Bug #107401 keyring not installed properly
Submitted: 26 May 2022 7:47 Modified: 27 Jun 2022 14:41
Reporter: Marco Antonelli Email Updates:
Status: No Feedback Impact on me:
Category:MySQL Server Severity:S4 (Feature request)
Version:5.7.27 commercial OS:CentOS (7)
Assigned to: MySQL Verification Team CPU Architecture:Any
Tags: keyring, plugin dir, plugins

[26 May 2022 7:47] Marco Antonelli
i'm trying to install and integrate this mysql's plugin keyring_okv following this guide  https://dev.mysql.com/doc/mysql-security-excerpt/5.7/en/keyring-okv-plugin.html but when i restart the mysqld service i get this errors:

2022-05-26T07:10:16.885091Z 0 [Warning] Plugin keyring_okv reported: 'Could not connect to the primary server! Trying the standby server.'
2022-05-26T07:10:16.910022Z 0 [Warning] Plugin keyring_okv reported: 'Could not connect to the primary server! Trying the standby server.'
2022-05-26T07:10:16.910048Z 0 [ERROR] Plugin keyring_okv reported: 'Could not connect to the OKV server'
2022-05-26T07:10:16.910055Z 0 [ERROR] Plugin keyring_okv reported: 'keyring_okv initialization failure. Please check that the keyring_okv_conf_dir points to a readable directory and that the directory contains Oracle Key Vault configuration file and ssl materials. Please also check that Oracle Key Vault is up and running.'
2022-05-26T07:10:16.910060Z 0 [ERROR] Plugin 'keyring_okv' init function returned error.

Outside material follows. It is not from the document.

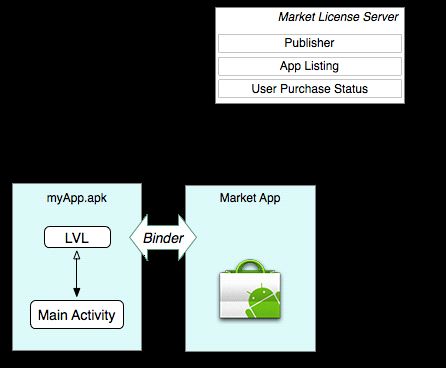 Android Market Licensing Service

The my.cnf is configured as explained in the guide above:

the okvclient is also configured with my Ciphertrust servers.


How to repeat:
this can be repeated following this guide for gemalto keysecure :

having virtual Ciphertrust manager k170v (even the trial version is good).

because this is a KMIP integration on Ciphertrust manager i had to create:
1. Local RootCA for KMIP, and apload to /usr/local/mysql/mysql-keyring-okv/ssl
2. CSR for Client (centos) signing with the Local RootCA for KMIP and with its private key upload to /usr/local/mysql/mysql-keyring-okv/ssl
3. CSR for server and signing with Local RootCA for KMIP
[27 May 2022 14:41] MySQL Verification Team

Supported and tested are

* Oracle Key Vault
* Gemalto SafeNet KeySecure Appliance
* Townsend Alliance Key Manager 

THALES Virtual CipherTrust Manager is not supported. I can log this as a feature request if you want.

kind regards
[28 Jun 2022 1:00] Bugs System
No feedback was provided for this bug for over a month, so it is
being suspended automatically. If you are able to provide the
information that was originally requested, please do so and change
the status of the bug back to "Open".